Skico owners buy part of NYC icon
The Aspen Skiing Co., which includes the posh Little Nell hotel and the Snowmass Club, is a sparkling corporate trophy, especially when it gleams under holiday lights. It pales, however, in comparison with New York’s Rockefeller Center.
But now the Crown family of Chicago, owners of the Skico, can bask in the ownership of both.
Under a deal to be finalized in the spring, the Lester Crown family is teaming with Jerry I. Speyer of the Tishman Speyer real estate company to buy the famed 22-acre American landmark for $1.85 billion.
The cluster of 10 office buildings and eight million square feet that make up Rockefeller Center is between Fifth Avenue and the Avenue of Americas and 48th Street and 51st Street in Manhattan. Built during the Depression by John D. Rockefeller, Jr., The New York Times called the center “an international symbol of commerce and capitalism.” It’s the home of Radio City Music Hall and the Rainbow Room.

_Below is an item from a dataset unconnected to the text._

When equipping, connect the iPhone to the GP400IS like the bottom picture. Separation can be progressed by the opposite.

The Crown family, estimated by Forbes magazine to have a fortune worth $2.8 billion, already has a stake in another prized symbol of New York, the Yankees baseball team. The family also owns the Chicago Bulls basketball team and 16.5 million shares of defense contractor General Dynamics.
The Crowns bought out former Skico owner Marvin Davis and his partners in the early 1990s to gain full control of the privately held ski company.

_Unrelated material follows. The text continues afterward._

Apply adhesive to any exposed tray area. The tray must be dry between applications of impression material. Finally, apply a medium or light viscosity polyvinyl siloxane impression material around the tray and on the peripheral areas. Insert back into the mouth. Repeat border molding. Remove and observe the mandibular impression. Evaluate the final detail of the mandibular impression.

The purchase of Rockefeller Center by the Crowns and Speyer caught many in New York’s real estate game by surprise. The Center has been up for auction by owner Goldman Sachs for most of the year, and the asking price was thought to be as much as $2.5 billion.
“We had no intention of having anything to do with this purchase,” Speyer told The New York Times. “It was only in the last couple of days that we thought that the price was so compelling. On Wednesday morning, we talked to our partners, saying we were prepared to pay more.”

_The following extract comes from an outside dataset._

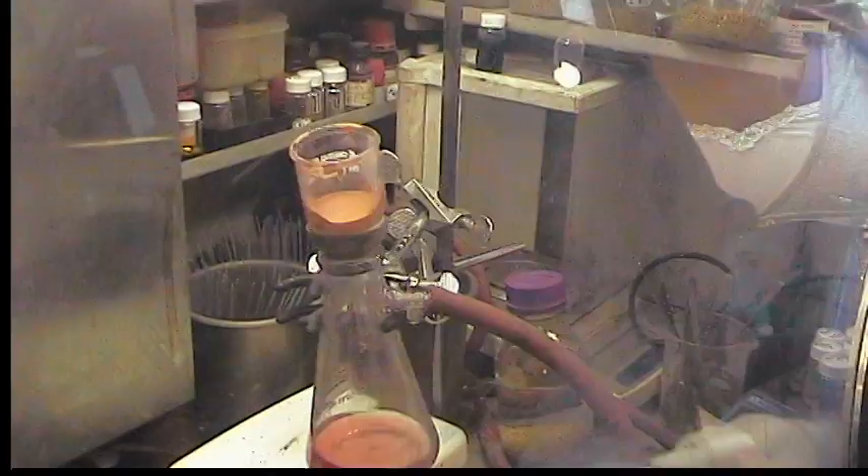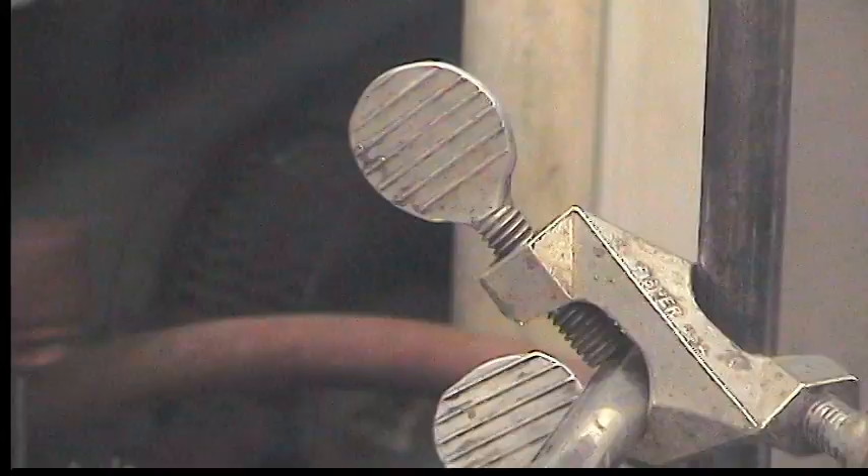And now we just need to pump the powder to dryness. We can do that in the fridge just by covering it, but it's actually more efficient to just transfer it to another filtration flask. We'll do that to save a little time.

Both Speyer and the Crowns were already involved with the Center. The Tishman Speyer company has been managing Rockefeller Center for the past four years and, together with the Crowns, owned 5 percent of the building.
Skico CEO Pat O’Donnell declined to comment on whether the purchase of Rockefeller Center would have any effect on planned capital improvements across the Skico’s four mountains.
Support Local Journalism
Support Local Journalism
Readers around Aspen and Snowmass Village make the Aspen Times’ work possible. Your financial contribution supports our efforts to deliver quality, locally relevant journalism.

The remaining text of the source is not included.